Premier volume d’une tétralogie qui se déroule pendant les Trente Glorieuses, période de très forte croissance économique que connut la grande majorité des pays occidentaux au sortir de la Deuxième Guerre mondiale, soit de 1945 à 1975. C’est au cœur d’un monde encore écorché, qui se relève progressivement, que s’affrontent visions traditionnelles et désirs de modernité.
Non content d’explorer cette période charnière du 20e siècle, Pierre Lemaître (la trilogie Les enfants du désastre) inscrit également l’action au sein de trois cultures fort différentes, celle du Liban, de l’Indochine (actuel Vietnam, Cambodge et Laos) et de la France. Inutile de préciser qu’en raison des politiques colonialistes de la France, les relations entre les trois états sont empreintes de grandes tensions.

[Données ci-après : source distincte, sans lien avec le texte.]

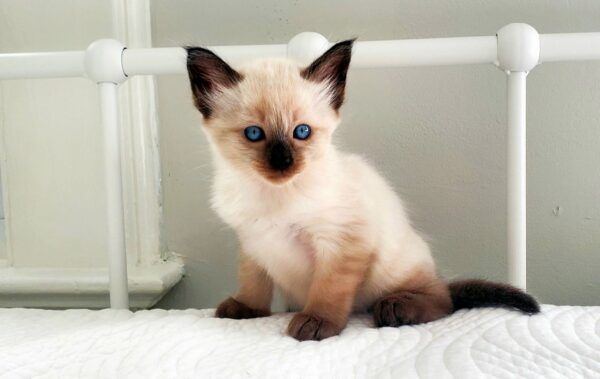 Charming Balinese kitten with a sleek, luxurious coat and expressive blue eyes, curiously peeking from a cozy cat bed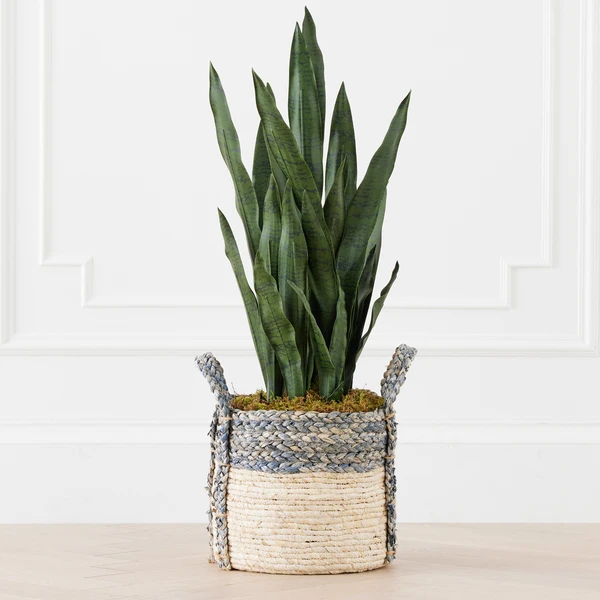 Mother In Law's Tongue In Basket 1 Mother In Law's Tongue In Basket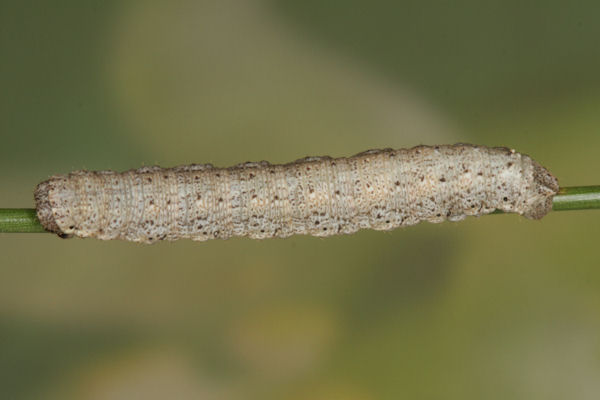 Elophos unicoloraria: Bild 1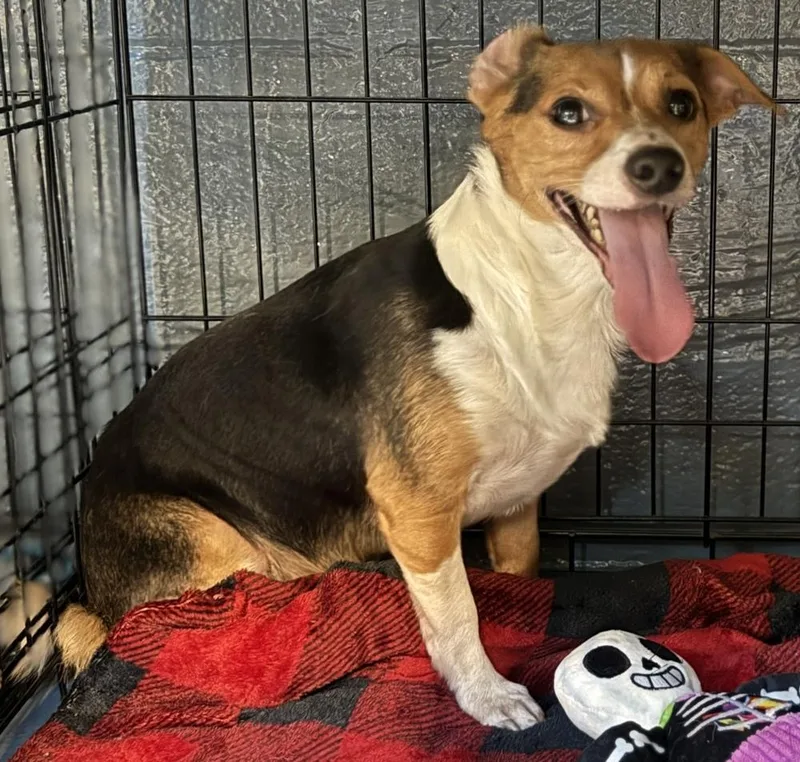 An adult medium-sized male Tricolor (Brown, Black, & White) Chihuahua dog named Andy for adoption in Muskegon, MI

Le grand monde débute en 1948, à Beyrouth, alors qu’une famille entreprend un pèlerinage annuel
imposé par Louis Pelletier, le patriarche, afin de célébrer la réussite de leur entreprise de fabrication de savon. Inutile de dire que l’événement ne suscite l’enthousiasme ni des enfants ni d’Angèle, son épouse. C’est cependant l’occasion de bien placer la personnalité et les enjeux des membres d’une famille qui représente bien les clivages sociétaux déjà en place. Le père souhaite maintenir l’ordre établi et transmettre au fils ainé les rênes de la savonnerie alors que, d’un même souffle, Angèle n’arrive à concevoir sa place qu’en tant que mère et épouse. Les enfants sont cependant sur le point de quitter le nid familial, ce qui la laisse complètement démunie. Jean, de par son statut d’ainé, se voit prédestiné à de grandes choses, mais se révèle un piètre homme d’affaires. Harponné par Geneviève, une épouse arriviste et délicieusement fourbe, il décide de fuir un univers où il se sent piégé et de s’établir à Paris. Les motifs de cet exil volontaire sont cependant troubles puisque, sous son aspect apathique et soumis, semble croupir une violence à fleur de peau et que des crimes sordides émaillent ses déplacements.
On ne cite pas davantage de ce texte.